Isolating sound areas is consistent with isolating thematic areas of a museum, and appropriate sounds within that thematic area may enhance the overall experience. As examples: an exhibit on an indigenous culture may be enhanced by the sounds of regional music from an adjacent display; a dinosaur exhibit's traffic and circulation may be improved if the sounds of creatures draws visitors through the exhibit area. Conversely, the sounds of dinosaurs leaking into an indigenous culture exhibit would probably compromise both exhibits.
A time honored technique for isolating sound is the strategic use of partitions and boundaries. Boundaries can be sound blocking and/or sound absorbing depending on the desired results. Sound will radiate from a sound source until it hits a boundary - a floor, wall or ceiling - at which point it either gets absorbed, or bounces off to find the next boundary. Sound absorptive boundaries are easy to come by. For floors, carpet is quite common and very effective; in fact carpet is so effective that if your museum is carpeted, chances are you are not attentively reading this article. There are many ceiling treatments as well that go far in improving an acoustical environment - from the boring drop frame acoustical ceiling tiles to the more innovative frame and suspension systems. There are also some useful sound absorbing spray on products for ceilings that are not too unsightly.
Absorptive partitions pose a bit more of a challenge, and while there are a number of durable and presentable sound absorbing metal, masonry and stone-like products, they are considerably more costly than the typical gypboard walls found in contemporary construction. Some sound absorbing wall finishes such as stretched fabric sound panels, while reasonably priced, are not as durable as painted sheetrock. In most cases it is more cost effective to consider the sound blocking characteristic of partitions rather than designing them as sound absorbing elements. To this end, the geometry and placement of a wall will have considerable bearing on its effectiveness, keeping in mind that sound will bounce off of a reflective wall as a billiard ball would; sometimes changing a wall angle by a few degrees will make vast improvements in its performance.
Sound Diffusion
Isolating sound areas presupposes that a museum's spaces can be freely modified and that carpeting and ceiling treatments are acceptable options.
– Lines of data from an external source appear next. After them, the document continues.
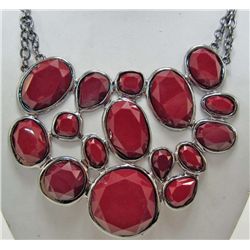 13118 - GORGEOUS RED BIB NECKLACE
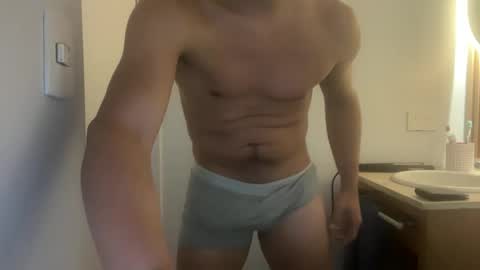 hhernan1 online show from May 17, 2026, 6:00 am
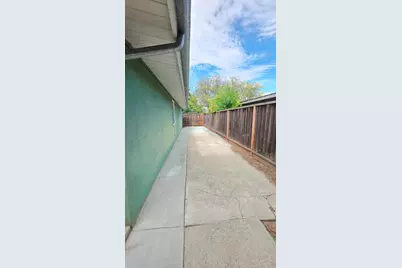 Orlando Dr, San Jose, CA 95122 - Photo 22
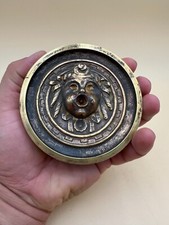 Étrange objet cylindrique en bronze figurant un mascaron Grèc époque XIXe siècle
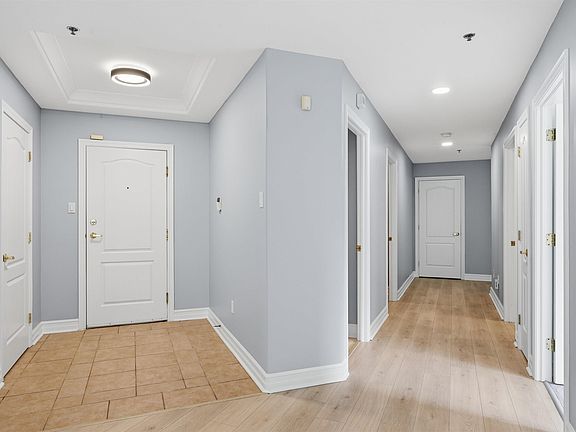 5th image of 621 Portland Hills Dr #107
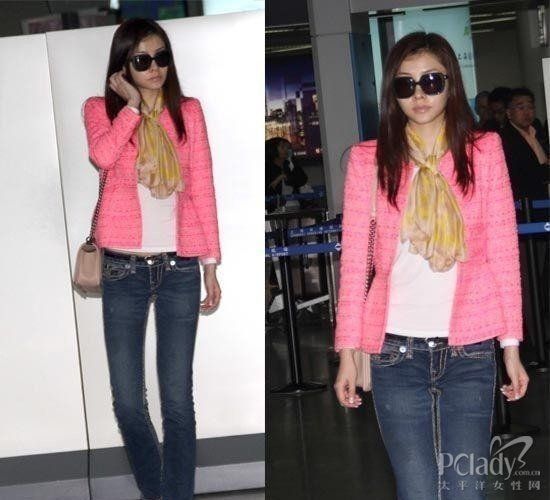 熊黛林：粉色小夹克+铅笔裤+Chanel链条包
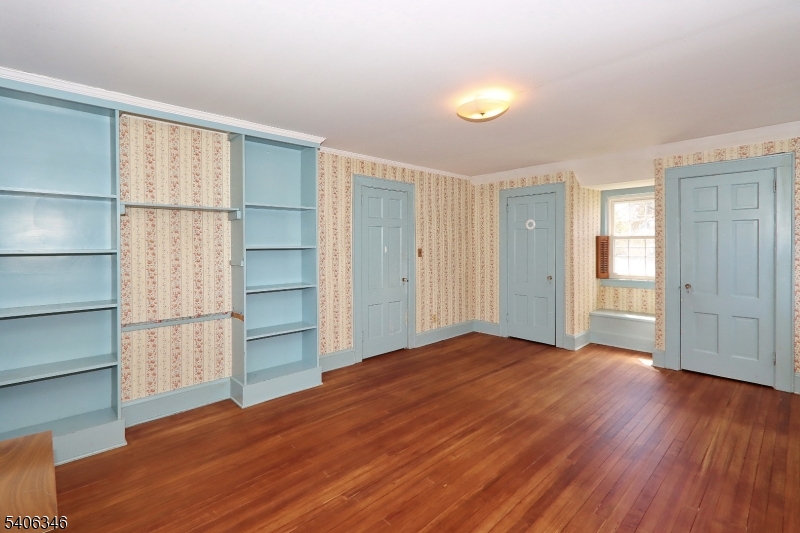 6 Manor Ave
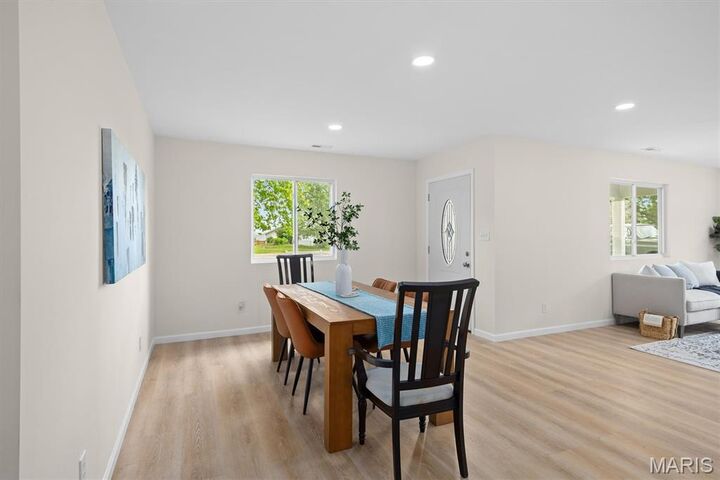 Property Photo:  685 Sand Prairie Road  IL 62040 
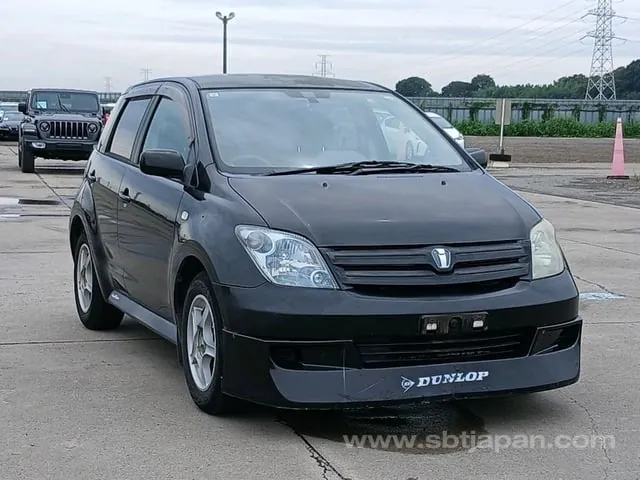 Toyota Ist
It also presupposes that all of the sounds and noises generated in the environment are from the exhibits only. In dramatic architectural spaces with marble floors, glass atriums and black slate walls, the inclusion of partitions and carpet, or spray on ceilings would seriously compromise the beauty of the edifice. It may also be that much of the noise generated in the space may be from the enthusiastic voices of the visitors rather than from the exhibits.
To a large extent, once finished, these spaces are at the mercy of the architecture, but there are some strategies for improving the nature of the sound and how it behaves within. The reverberation time in large reflective spaces is long. The larger the volume of the space, the longer the reverberation time - and the longer the time that sound and noise gets to accumulate and smear. If a sound has clear paths to reflective surfaces it is less likely to dissipate before bouncing around and annoying everybody. If sound waves are broken up or diffused prior to reaching a hard reflective surface, it dissipates some of its energy and tends to be less annoying on its return trip. If the first hard surface that the sound hits is fluted, textured and variegated, the reflections become more diffuse and more agreeable. This accounts for why the reverberation in an old gothic style cathedral is more pleasing than the reverberation in less detailed voluminous spaces.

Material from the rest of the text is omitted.